**Task goal**.
Write the listing out again word for word. Pictures do not belong in the copy.
── The data ──
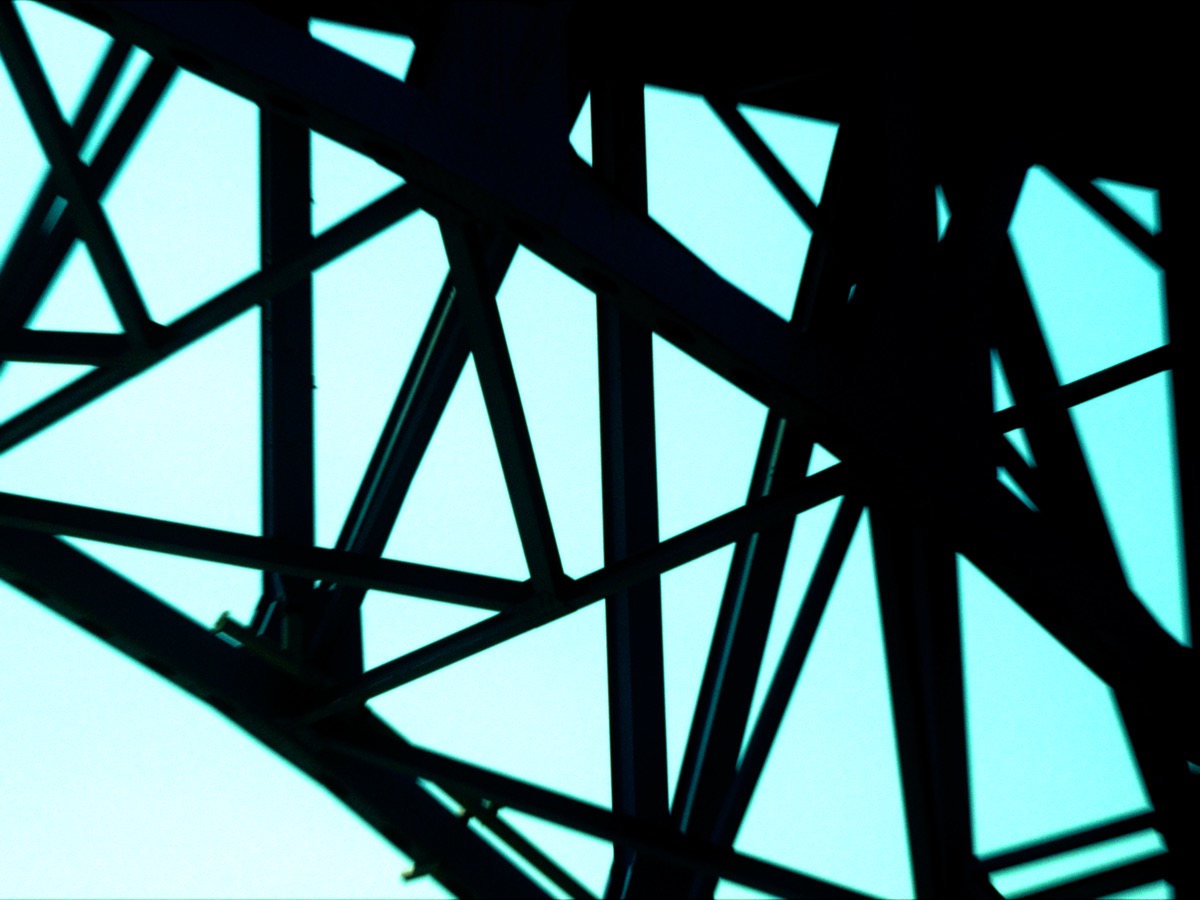 Steel structure silhouette against teal sky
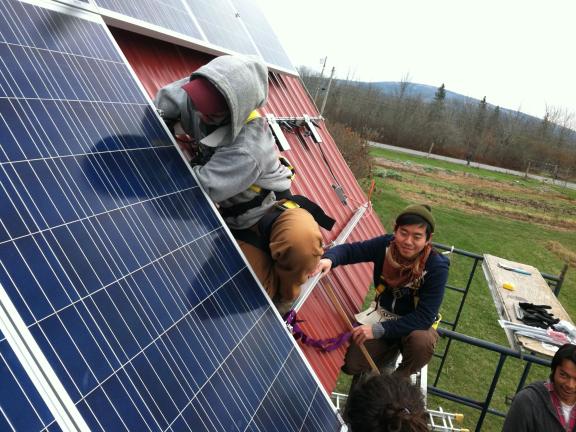 Students on a roof installing solar panels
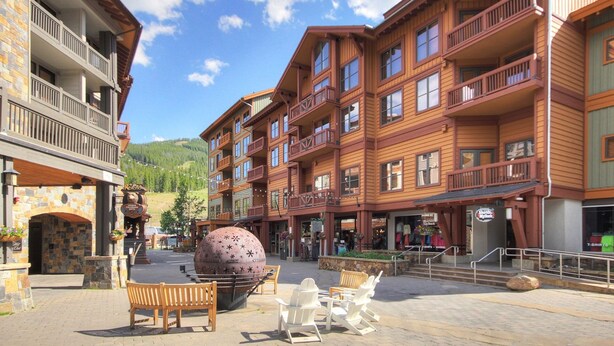 Un edificio de madera de varios pisos con balcones, una entrada con arco de piedra y mobiliario exterior.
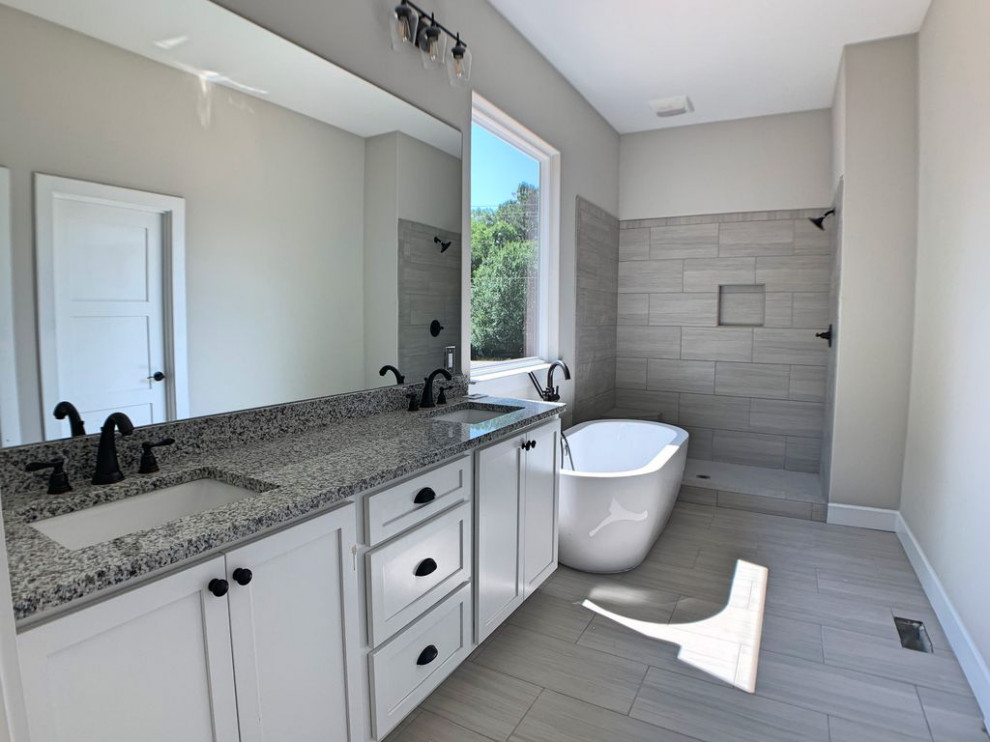 Example of a mid-sized farmhouse master gray tile and porcelain tile porcelain tile, gray floor and double-sink bathroom design in Atlanta with shaker cabinets, white cabinets, gray countertops and a built-in vanity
───
**Your response**.
 Steel structure silhouette against teal sky
 Students on a roof installing solar panels
 Un edificio de madera de varios pisos con balcones, una entrada con arco de piedra y mobiliario exterior.
 Example of a mid-sized farmhouse master gray tile and porcelain tile porcelain tile, gray floor and double-sink bathroom design in Atlanta with shaker cabinets, white cabinets, gray countertops and a built-in vanity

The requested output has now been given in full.